Working data ->

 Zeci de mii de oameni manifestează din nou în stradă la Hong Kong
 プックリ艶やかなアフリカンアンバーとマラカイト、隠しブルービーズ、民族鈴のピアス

* * *

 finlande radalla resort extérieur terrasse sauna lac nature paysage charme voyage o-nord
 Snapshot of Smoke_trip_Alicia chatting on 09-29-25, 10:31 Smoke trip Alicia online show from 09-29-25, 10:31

Exercise goal ->
Take the stretch of lines above from the one containing "Zeci de mii" through the one containing "プックリ艶やかなアフリカンア" and repeat it exactly, adding no other line.

Answer to the problem ->
 Zeci de mii de oameni manifestează din nou în stradă la Hong Kong
 プックリ艶やかなアフリカンアンバーとマラカイト、隠しブルービーズ、民族鈴のピアス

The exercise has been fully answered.